Nawet w najśmielszych snach bym nie przypuszczała, że zrobię (w tym roku, kiedykolwiek..) syrop z czarnego bzu. Od dziecka mówiono mi, jakie to trujące, nie wolno, bla, bla..
Oczywiście, jak przystało na młodego człowieka, gdy tylko usłyszałam 'Patrz jak kwitnie czarny bez!', od razu i bez wyrzutów, zaczęłam zrywać. W jakimś dzikim amoku, jakby obok stał ktoś z pistoletem w ręce i celował w moje dłonie i koszyk. Ukrywa się w tym poniekąd źdźbło prawdy, gdyż błądząc pomiędzy krzykami zupełnie niespodziewanie, zaraz obok mojej stopy, znikąd, wyrosła OGROMNA, przeraźliwa, obślizgła, brrr (!!!) ropucha. Narobiłam wrzasku, rozsiałam panikę, choć w gruncie rzeczy, nie wiem która z nas bała się bardziej podczas tego spotkania. Groziła mi śmierć z przerażenia!
I nawet mój szanowny pies zaczepno-obronny nie ruszył w pogoni za Bufo bufo*. Tak bardzo kocha swoją pańcie.

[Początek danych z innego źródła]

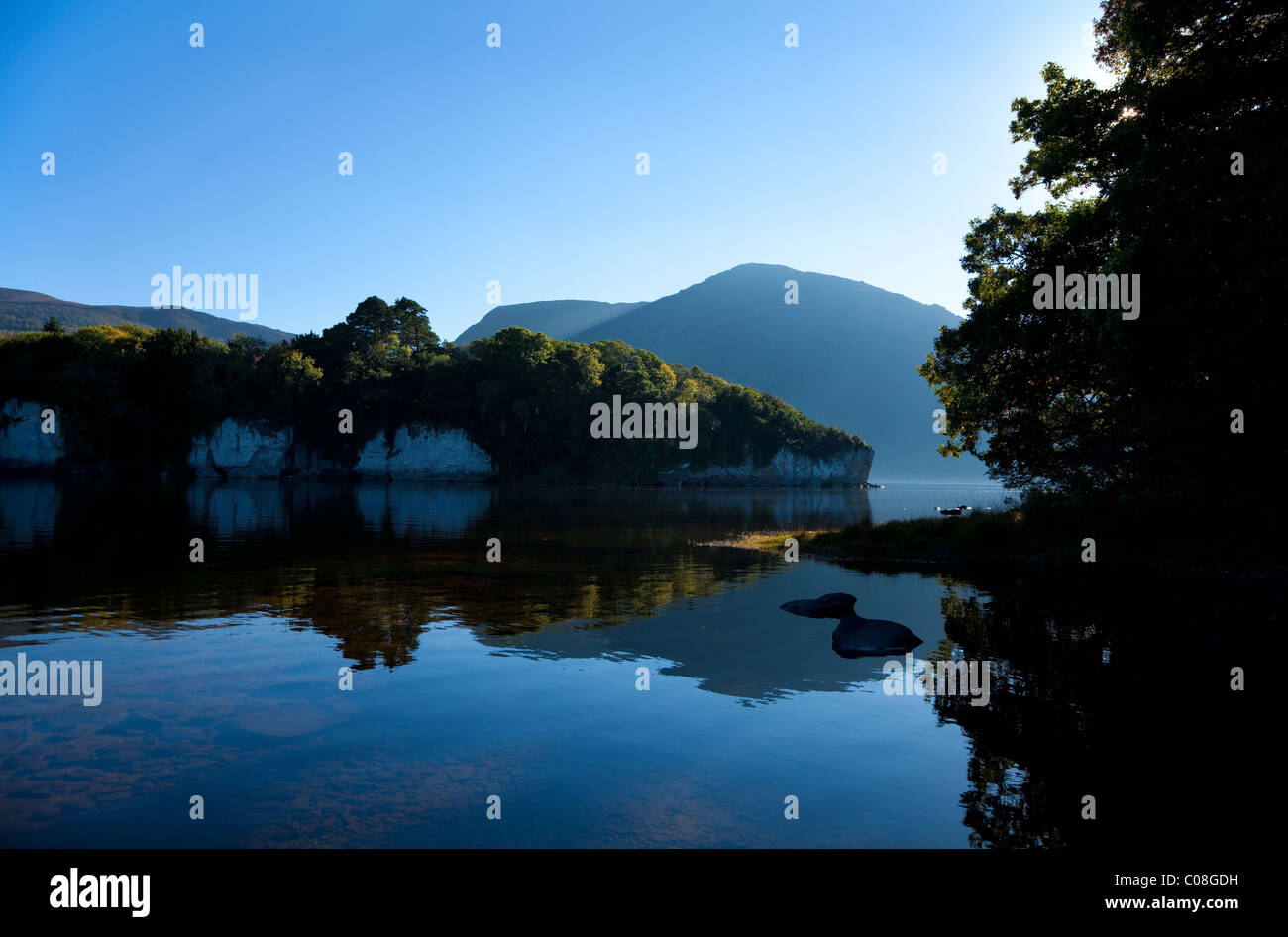 Affioramento di calcare sul Lago di Muckross, Parco Nazionale di Killarney, nella contea di Kerry, Irlanda Foto Stock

Gdy emocje już opadły... w wielkim garze stały płateczki bzu zalane trzema litrami wody i trzema kilogramami cukru.
A po czterech dniach czekania..
Mam swój własny syrop z czarnego bzu! Być może jeszcze gdzieniegdzie znajdziecie w miarę przydatne kwiaty, lecz graniczy to lekko z cudem. Jestem bardzo zaskoczona i zadowolona z mojego wyczynu, więc dzielę się z Wami tą miłą zabutelkowaną cieczą ;)
Cały przepis podglądnęłam tutaj u Bei.
*Mój syrop powstał z niezliczonej ilości baldachów.
*Nazwa systematyczna (cokolwiek to znaczy) ropuchy szarej ;)
Udanego weekendu! :)
Pozdrawiam,
Praline
Fajny wpis :) pozdrawiam cieplutko :P
OdpowiedzUsuńJa pamiętam sok z owoców czarnego bzu, cudowny. Lekko cierpki, lekko słodki, idealny. Wspaniałe zdjęcia, piękny kolor syropu. Czuć lato.
OdpowiedzUsuńciekawa jestem tego specyfiku :)
OdpowiedzUsuńostrożnie z piciem syropu, pralinko, bo zaleca się tylko 1 łyżkę dziennie, ponieważ działa pobudzająco na serce ;)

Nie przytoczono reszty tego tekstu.